A statement of financial condition and a current list of directors and officers for Wealthsimple Investments Inc. will
be furnished upon request. Clients in British Columbia are entitled to certain additional information about
Wealthsimple Investments Inc., including information about commissions and fees that we charge, and about any
administrative proceedings that may relate to the firm or its staff.
2:05 pm
August 26, 2022
kesa said
never said so myself but did think about being a guinea pig if I were to leave my money with WS
I'm more than happy with WS for my new life as a Canadian Citizen building up my (limited headroom) RRSP and TFSA.
But to your point - I was bitten on the arse by their aborted entry into the UK market, maybe 5 or 6 years ago. Not enough to cut my nose off to spite my face, but I am certainly still wary of any of their products that are still bleeding edge.
2:50 pm
April 27, 2017
Curry-Head said
I'm more than happy with WS for my new life as a Canadian Citizen building up my (limited headroom) RRSP and TFSA.
But to your point - I was bitten on the arse by their aborted entry into the UK market, maybe 5 or 6 years ago. Not enough to cut my nose off to spite my face, but I am certainly still wary of any of their products that are still bleeding edge.
Yes, I do find some of their product placement within apps a bit irritating.
3:35 pm
August 26, 2022
Hello, Mordko.
I'm probably being a little slow here, but can you explain the connection to product placement?
I was bitten because of how they entered the UK market (which is where the majority of my self-invested pension is based), and then left it abruptly - giving me something like 30 days to find another UK company for my money.
It was incredibly hard to find a UK provider who would take the pension when the primary address was a resident/citizen in Canada.
8:57 pm
October 21, 2013
9:17 pm
April 27, 2017
Loonie said
mordko said
Phone for instruction;
go to branch;
get a chequing account.I'm sure you know all this; you just don't want to do it.
Right. No way I would have opened an account for a single transaction. Completely useless, not to mention they charge for it. And thats apart from having to go to branch yet again. Nice to have WS Cash do the job for you.
9:23 pm
April 27, 2017
Curry-Head said
Hello, Mordko.I'm probably being a little slow here, but can you explain the connection to product placement?

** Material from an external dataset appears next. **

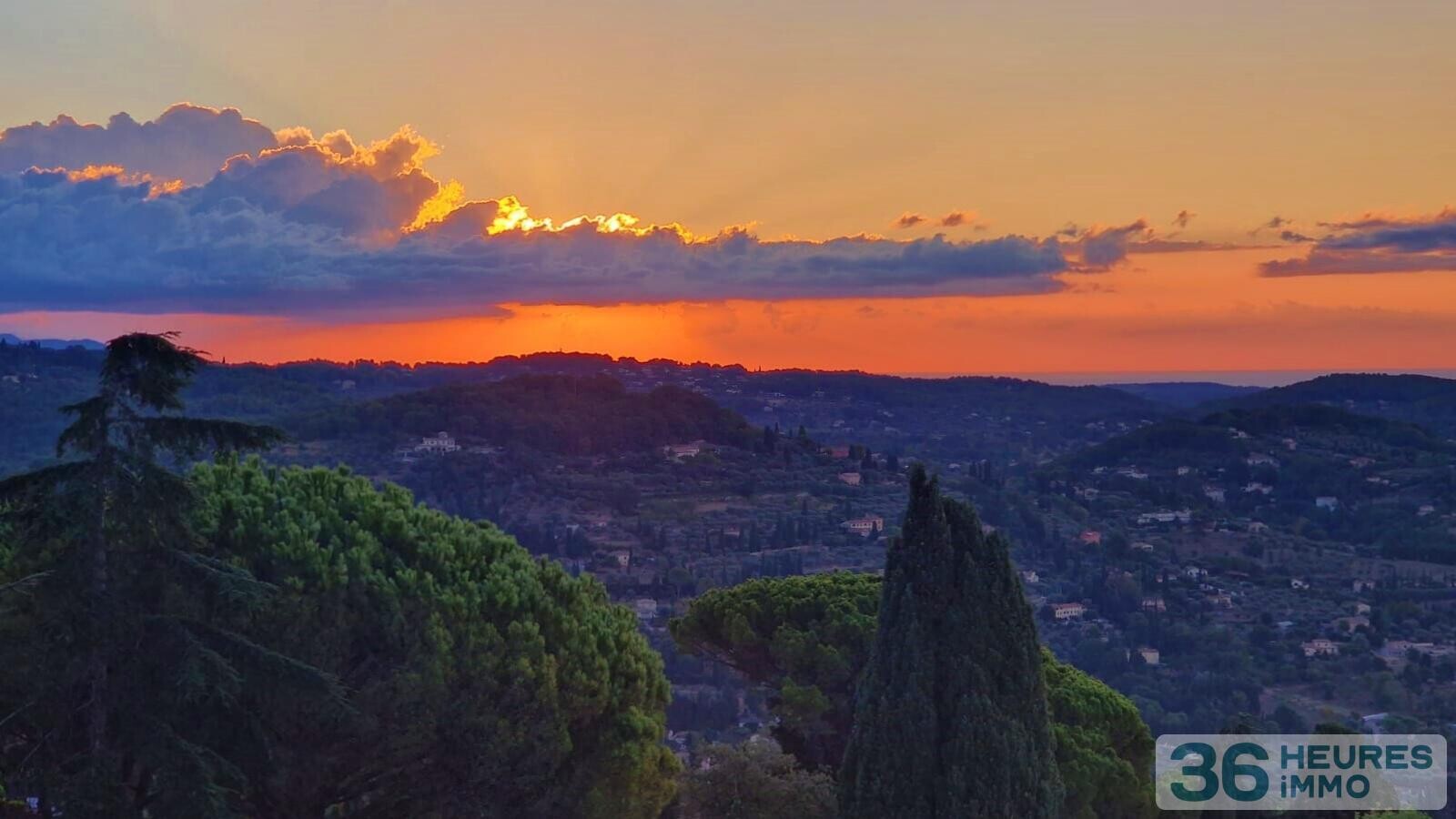 Appartement à Grasse — vignette 14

I was bitten because of how they entered the UK market (which is where the majority of my self-invested pension is based), and then left it abruptly - giving me something like 30 days to find another UK company for my money.
It was incredibly hard to find a UK provider who would take the pension when the primary address was a resident/citizen in Canada.
I see. Yes, finding a SIPP provider from Canada was a pain for me too.
So, WS didn’t just sell their British business, they literally walked away? Weird.
Sorry: I misunderstood and referred to a completely different issue. WS app sports a little “present” icon in the top right corner, which keeps pushing their robo services and crypto. There is no way to get rid of it…
7:03 am
April 27, 2017
WS is considering a move into mortgages.
A lot of good points in the interview and Canada’s mortgage industry desperately needs a new entry after HSBC’s exit but this would make WS a riskier business than just being a broker/intermediary.
8:26 am
December 12, 2009
mordko said
WS is considering a move into mortgages.A lot of good points in the interview and Canada’s mortgage industry desperately needs a new entry after HSBC’s exit but this would make WS a riskier business than just being a broker/intermediary.
It doesn't make them riskier, no. But we don't yet know what this would look like. They might take an approach similar to EQ Bank and Neo Financial whereby they originate mortgages for lenders and earn a commission for doing so, but don't actually hold them. They may even get into the mortgage servicing business by managing the funding, payouts, regular payments, etc., on behalf of lenders, but again, not actually hold them. They could also originate mortgages through existing platforms like Nesto. In fact, Canada Life was a large non-bank mortgage lender until recently, when it decided not to fund new mortgages and simply become a mortgage originator and partnered with Nesto.